Special thanks to Piotr Szmyd for sharing some of his research on this with me.

UPDATE: I found out, by trying more PDF files, that lots of recent files won’t get read by PdfSharp. I’ll post tomorrow with a new update, an link from here.

6 Comments

Did you look at how PDFBox or PDFClown compared to those?

ac - Tuesday, January 6, 2015 9:13:16 AM

Looks like Square PDF == PDFBox.NET
And in PDFClown ISSUES.TXT:
PDFClown [limitation] Text extraction: column layouts and table layouts haven't been supported yet (text is always grouped by row). [limitation] Text composition: only left-to-right writing systems are currently supported.

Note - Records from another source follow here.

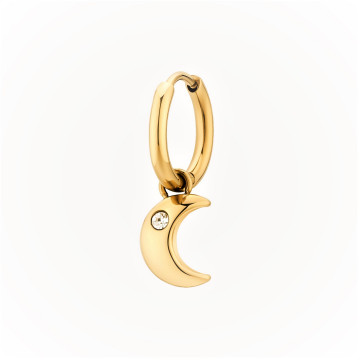 Women's Earrings Gold BHKE136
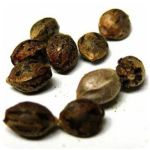 Семена марихуаны АК-47  (Seeds AK-47) в Зее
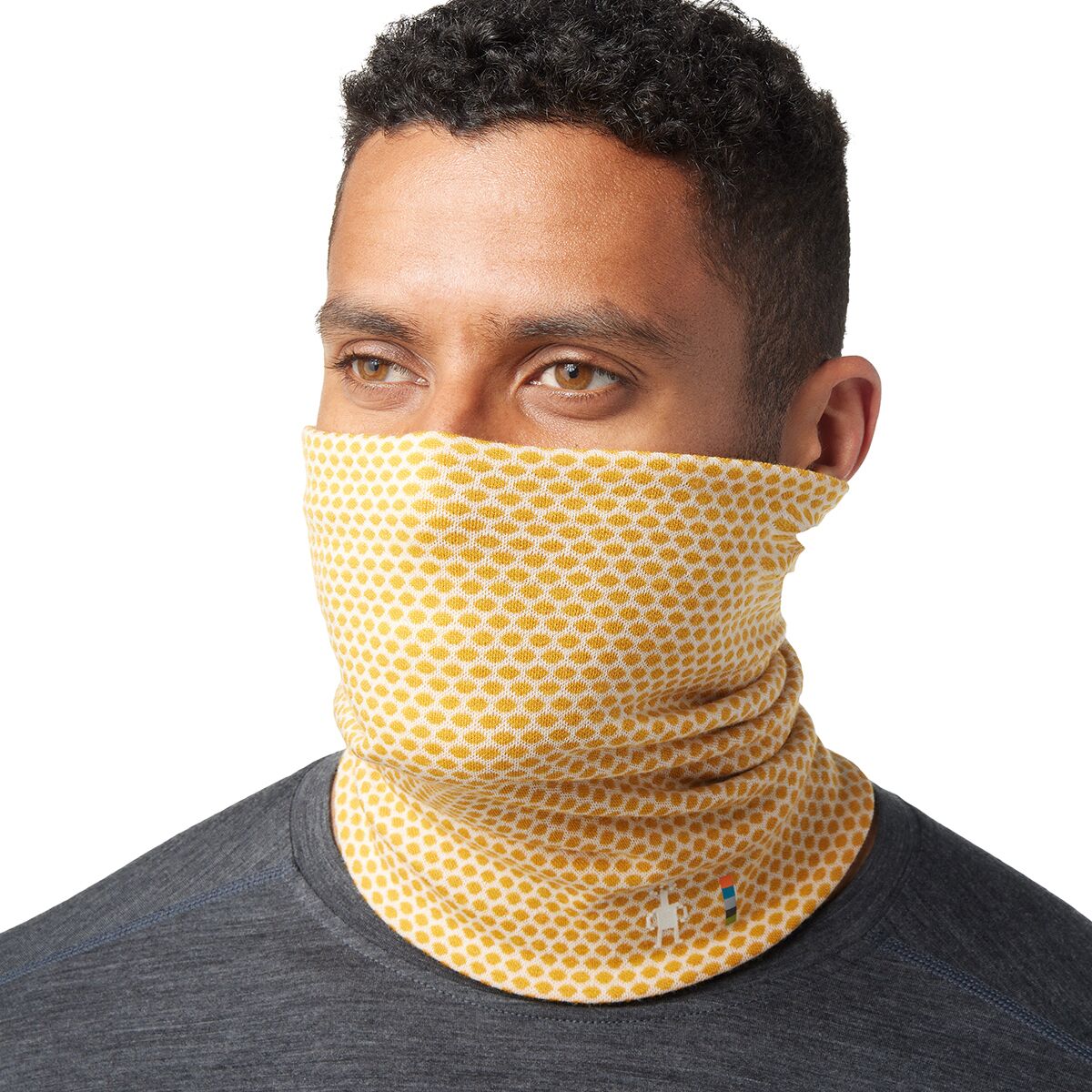 Smartwool Merino 250 Reversible Pattern Neck Gaiter Accessories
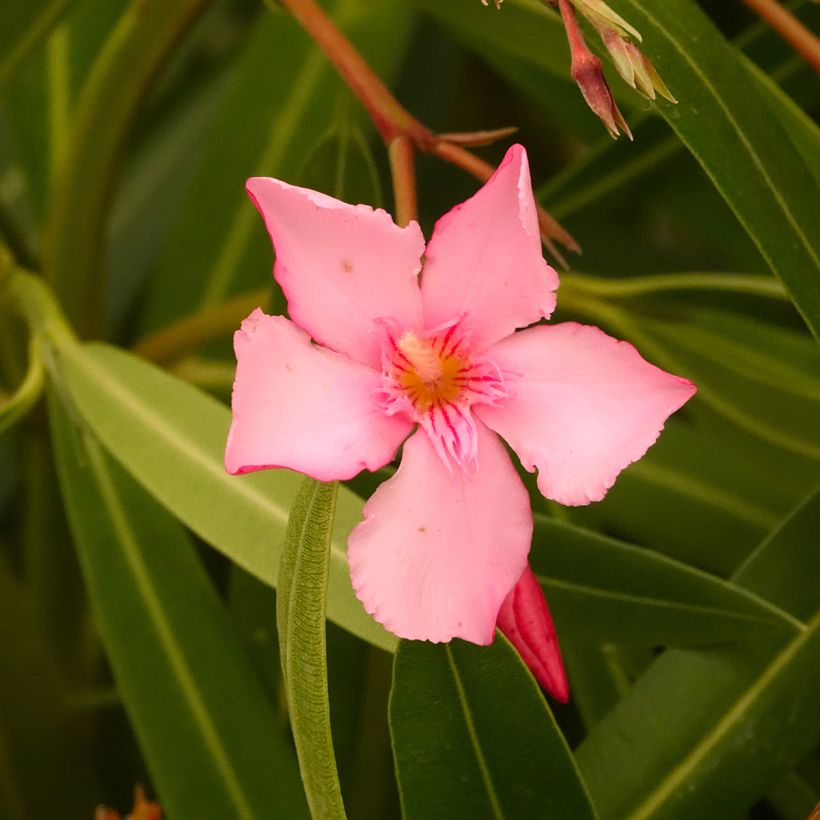 Nerium oleander Margarita – Adelfa (Floración)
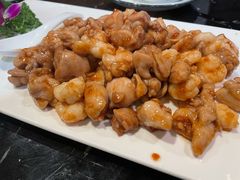 -丁老爷子苏香圆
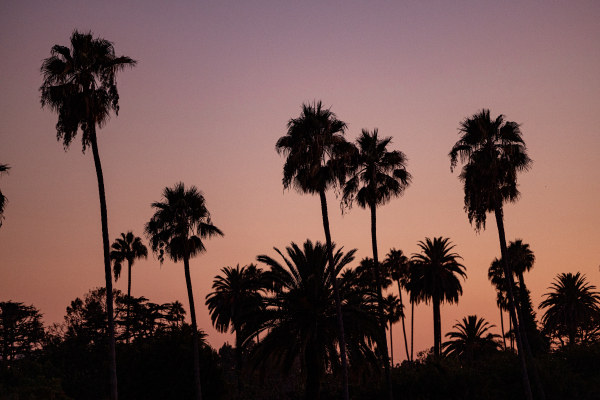 Venues The Beverly Hills Hotel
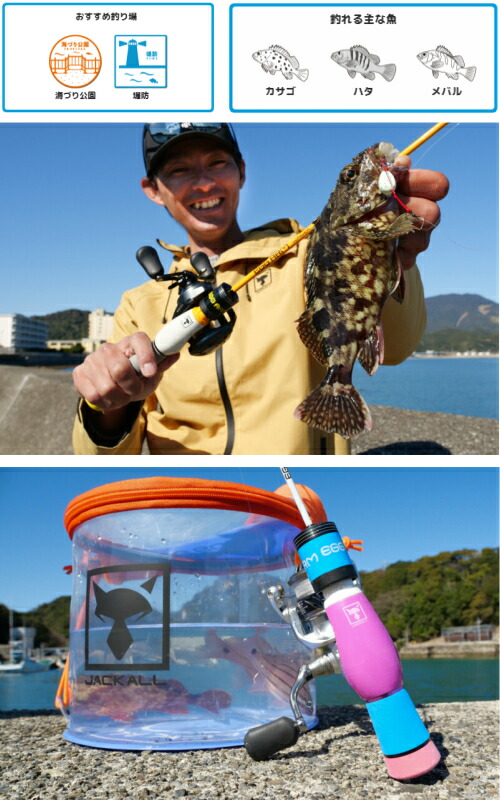 楽天市場】JACKALL/ジャッカル EGG ARM SHORTY (エッグアーム ショー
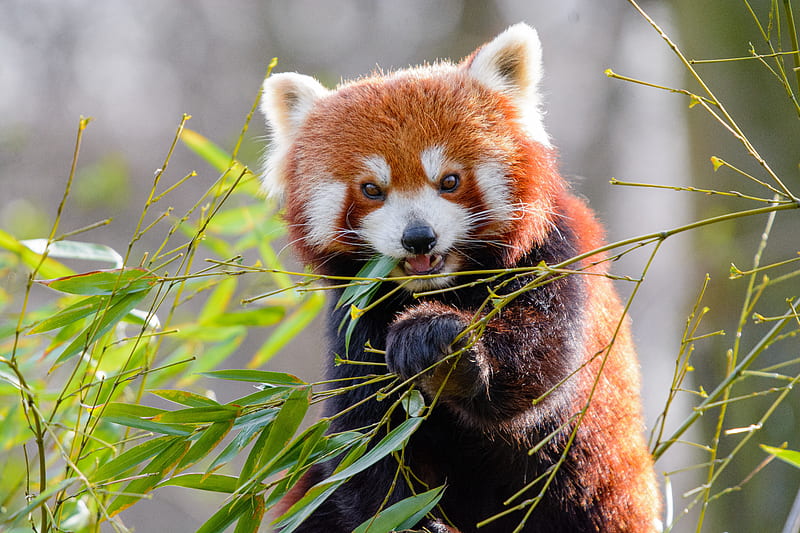 red panda, bamboo, animal, HD wallpaper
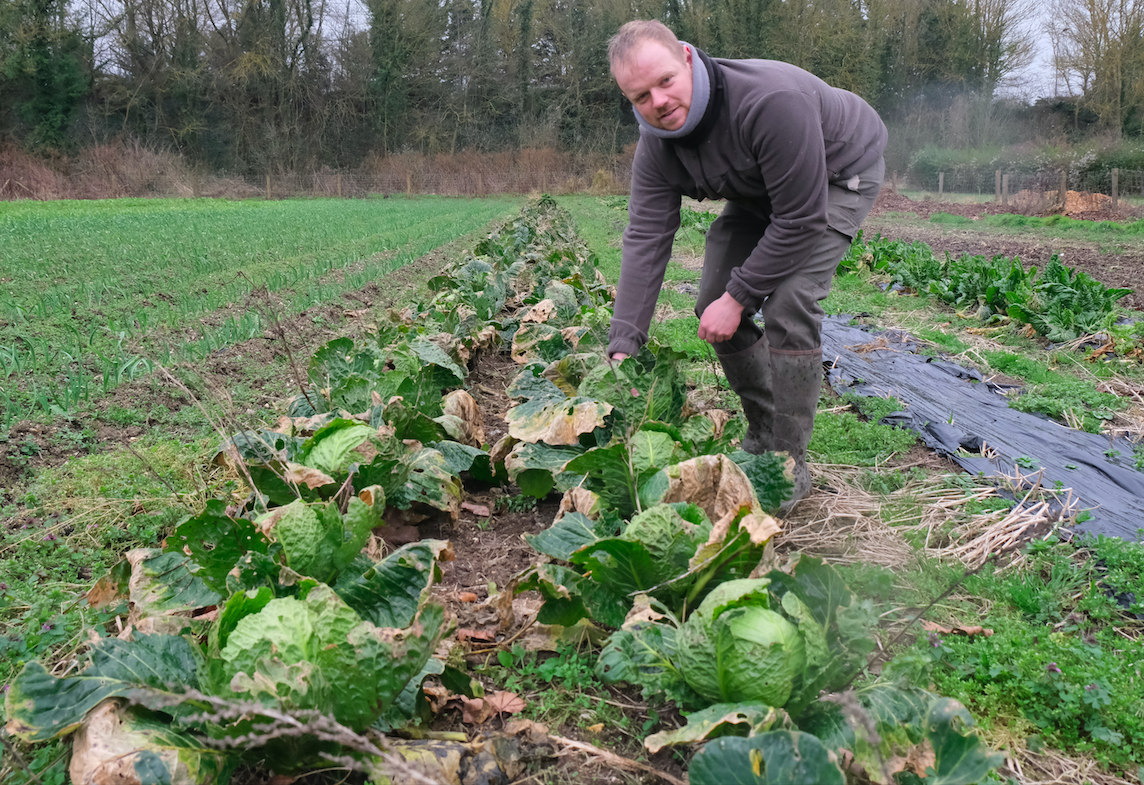 Terre de Liens et la ville de Longueau soutiennent l'agriculture bio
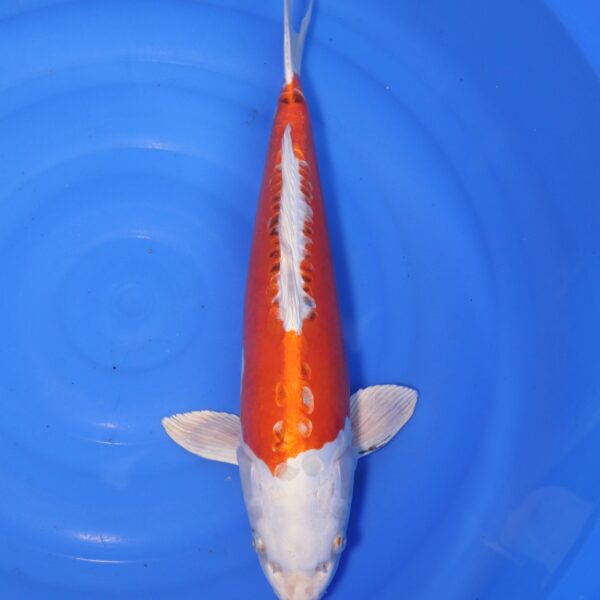Carpe koi Kikusui – Kikusui 51cm (4412)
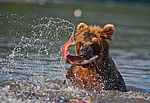 ����� ������� (Ursus arctos). ��������, ����� ����������,  ����-���������� ��������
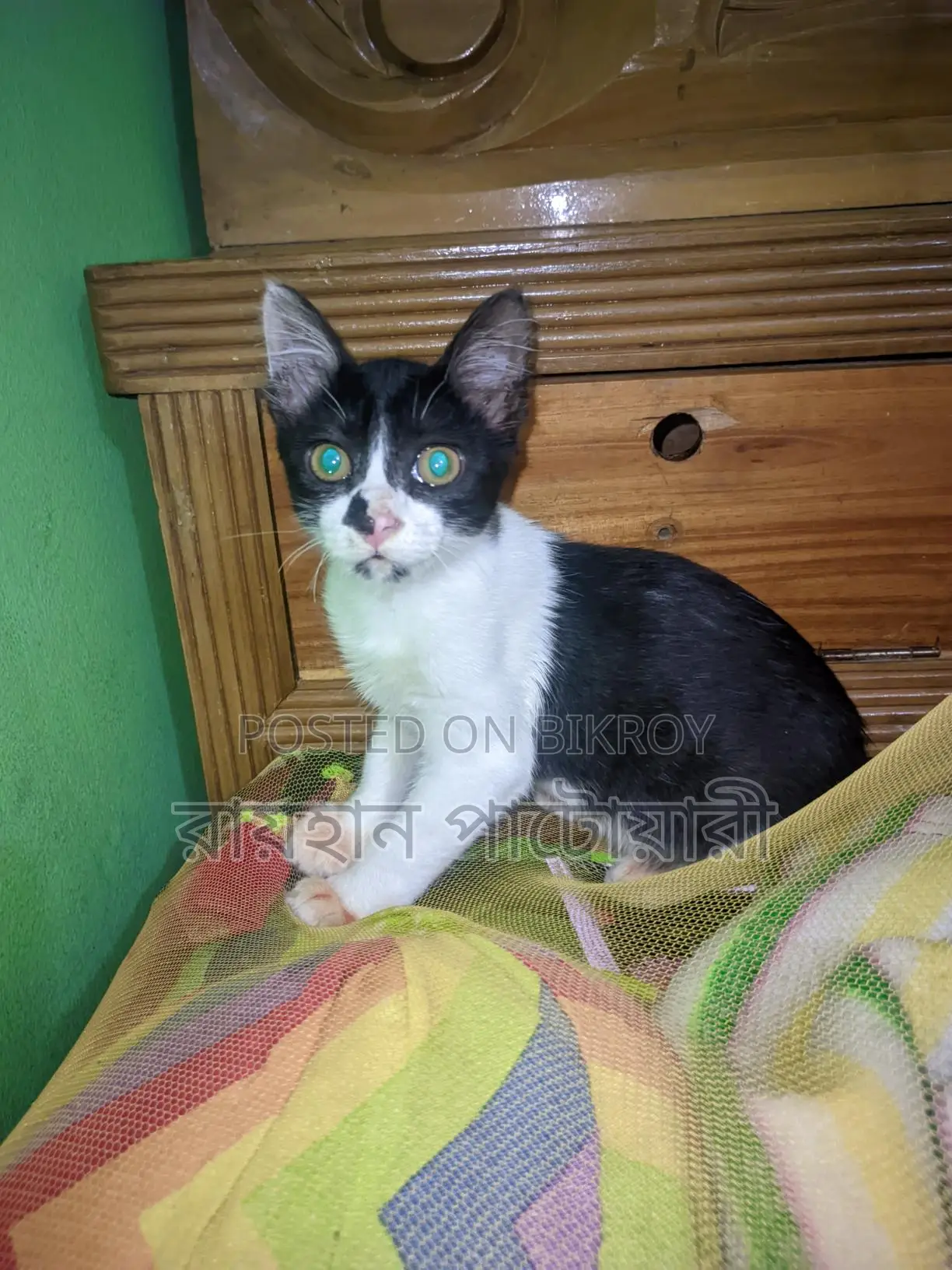 Cat for Adoption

I'm also looking for way to extract PDF text from column/tables. I suspect its non-trivial to get working in general way. Some PDF's might have text as single characters even if OCR is not required. So some number crunching of the character locations is likely involved to determine if they are related.

ac - Tuesday, January 6, 2015 9:20:44 AM

Thanks for the pointer, I'll check them out.

bleroy - Tuesday, January 6, 2015 8:17:10 PM

One thing to add - be aware of the time it takes for your OnIndexing event to run. It should be quick enough to finish within Orchard's background task interval (1 minute for all tasks to run).

In other words - when you deal with large files - parse the files prior to indexing and retrieve parsed data inside OnIndexing.

Piotr Szmyd - Wednesday, January 7, 2015 3:56:59 AM

@ac Good point about some weird files you may run into.
It will happen at some point that you'll run into files that will get you junk after parsing. Sometimes strings are obfuscated as characters scattered across the whole file (to make copy-pasting problematic), etc. There are lots of border cases, which make a robust solution quite challenging. This is why, IMHO, those commercial libraries are pretty pricey.

In the end it all depends on what kinds of PDFs you are dealing with. PdfSharp is great alone, but if you want a robust solution, it's best to first test all of those mentioned. It may result in having to use more than one library, with some fallback mechanism.

Piotr Szmyd - Wednesday, January 7, 2015 4:16:37 AM

Last resort trick involving no code: use pdftodjvu converter then djvutoxml or djvutext from djvulibre - found when I stumbled across how archive.org does its multi format offer.

ac - Thursday, January 8, 2015 12:48:06 AM

Comments have been disabled for this content.